Independent Market Monitor Joe Bowring challenged a work activity to find ways to incorporate nonperformance charge rates into the calculators. O’Connell agreed to add “where appropriate” or “if necessary” as a revision.
The task force charter language was developed in response to a problem statement presented by Direct Energy that was approved in November. It focuses on the Incremental Auction structure and how excess capacity is sold back by PJM.
PJM’s Brian Chmielewski, who is facilitating the task force, said detailed replacement capacity issues will be addressed in a separate problem statement and issue charge.
Transmission Replacement Activity Hiatus Extended
Stakeholders agreed to extend the Transmission Replacement Process Senior Task Force’s hiatus for another 90 days, citing FERC’s continued silence on the issue.

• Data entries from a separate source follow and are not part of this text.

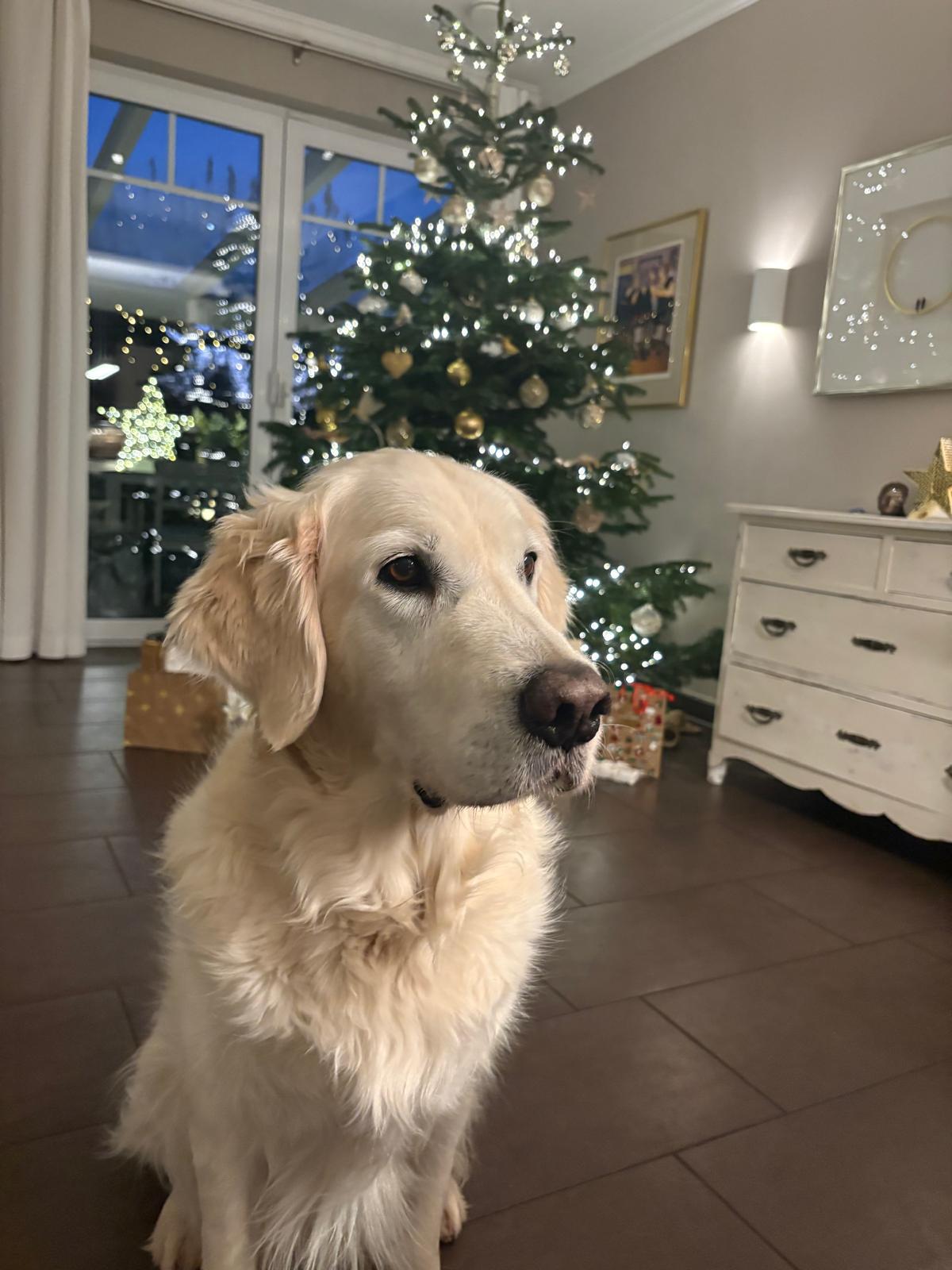 Golden-Retriever-Bremen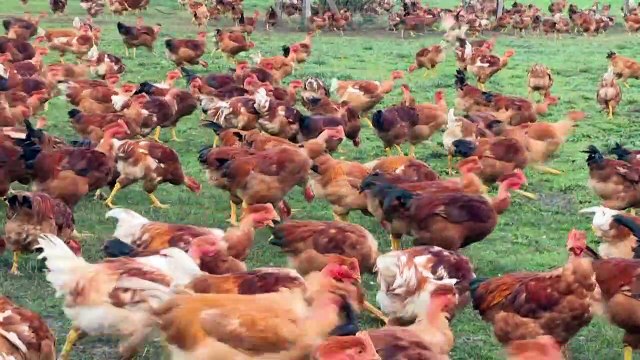 Ministério suspende feiras de aves para evitar gripe aviária no Brasil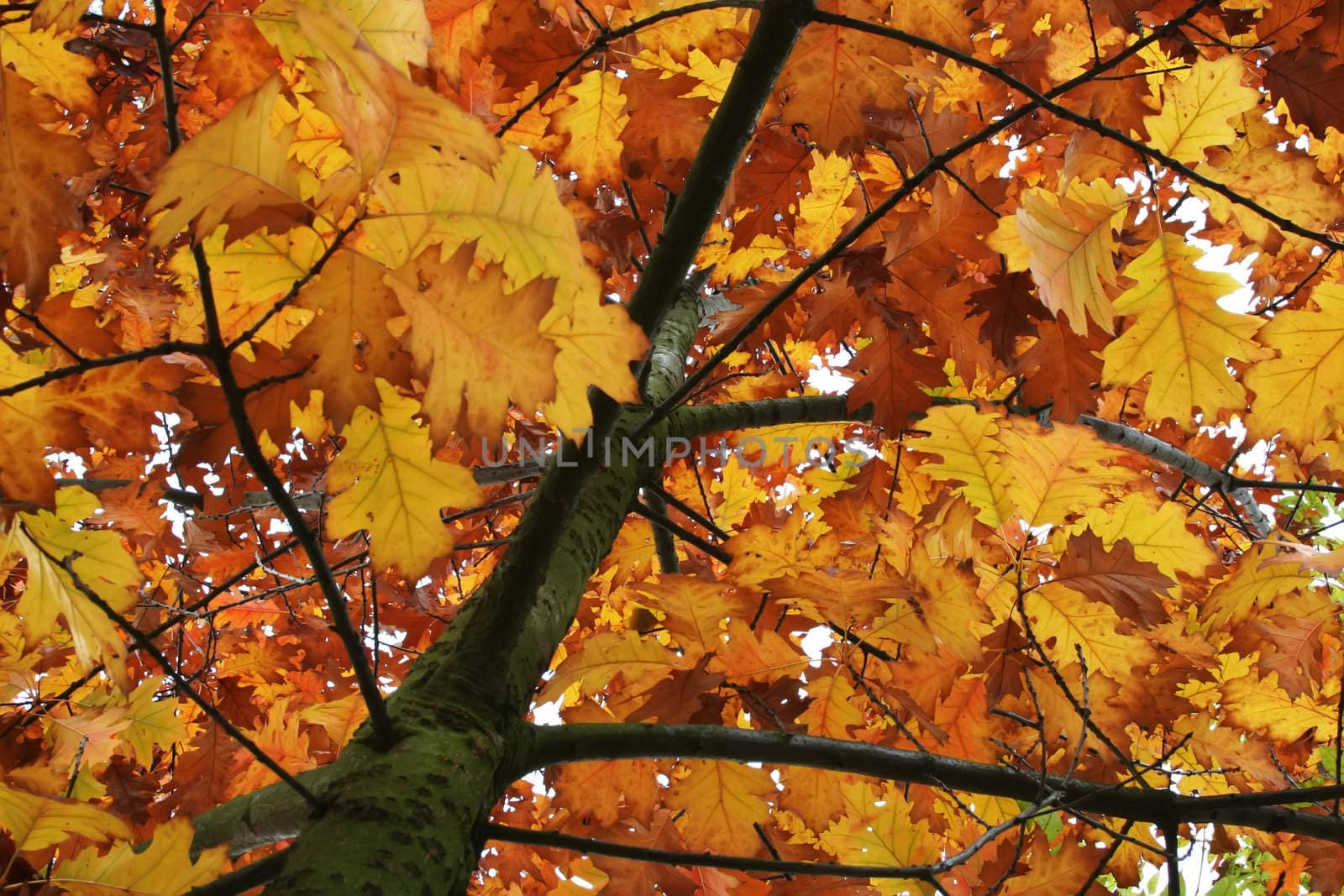 Autumn oak leafs on the tree
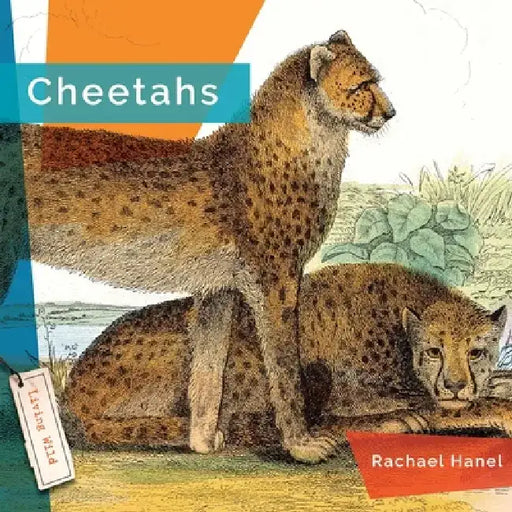 Cheetahs by Rachael Hanel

In August, the commission issued an Order to Show Cause questioning whether PJM transmission owners are complying with their local transmission planning obligations, specifically with respect to supplemental projects, as required by Order 890. (See “Transmission Task Force Halts Most Action in Response to FERC Order,” PJM Markets and Reliability and Members Committees Briefs.)
The TOs responded in October, but FERC has not acted on the filing and has no deadline for doing so.
PJM’s Fran Barrett, who is facilitating the task force, said the commission’s loss of its quorum was unexpected and recommended extending the deferral.
Some stakeholders called for using the downtime to resolve the problems. “We can work a thorny issue for FERC so FERC doesn’t have to work it for us,” Tatum said, who added that he has “great concern” with extending the hiatus.
“The time we have been waiting for FERC to act has not been wasted time. We have been working hard,” Exelon’s Gloria Godson said.
O’Connell said the decision should be based on whether there is anything to talk about. “Just go ahead and tell Fran: ‘Fran, we have enough meat for a meeting. Go ahead, and schedule it. If we don’t have enough meat, don’t schedule it,’” he said.
Barrett agreed to return to next month’s meeting with an update.
Stakeholders Endorse Revisions
Stakeholders endorsed by acclamation several manual revisions and other operational changes:
Revisions to Manual 22 to update terms and definitions, developed as part of a periodic review of the manual. The term revisions largely replace “partial outage” so that the manual now refers to forced, maintenance and planned outages as “derated.” For example, “Equivalent Forced Partial Outage Hours” became “Equivalent Forced Derated Hours.”
Revisions to manuals 13 and 27 will add the Mid-Atlantic Interstate Transmission Co. as a transmission owner in PJM. MAIT is a new subsidiary of FirstEnergy that owns and operates the company’s transmission assets in the Met-Ed and Penelec utility territories. (See NJ Opposition Derails FirstEnergy’s Tx Reorganization — but not Projects.)
Revisions to the RTEP and the Operating Agreement to exempt certain transmission substation equipment from Order 1000 competitive bidding. (See “Endorsements Sail Through by acclamation,” PJM Planning Committee and TEAC Briefs.) John Farber of the Delaware Public Service Commission staff took the microphone to thank PJM for its attention to the topic. The measure was also later endorsed by the Members Committee.
Two stakeholders complained that the proposals didn’t align with FERC’s order on the issue. “I don’t agree that the package is counter to FERC’s order,” PJM Public Power Coalition’s Carl Johnson replied. “In fact, I think it’s the first step to something they might approve.”
Consent Agenda Endorsed
The committee also endorsed:
Tariff, Operating Agreement and Reliability Assurance Agreement revisions to update definitions.
Revisions to the PJM Tariff regarding operating parameters.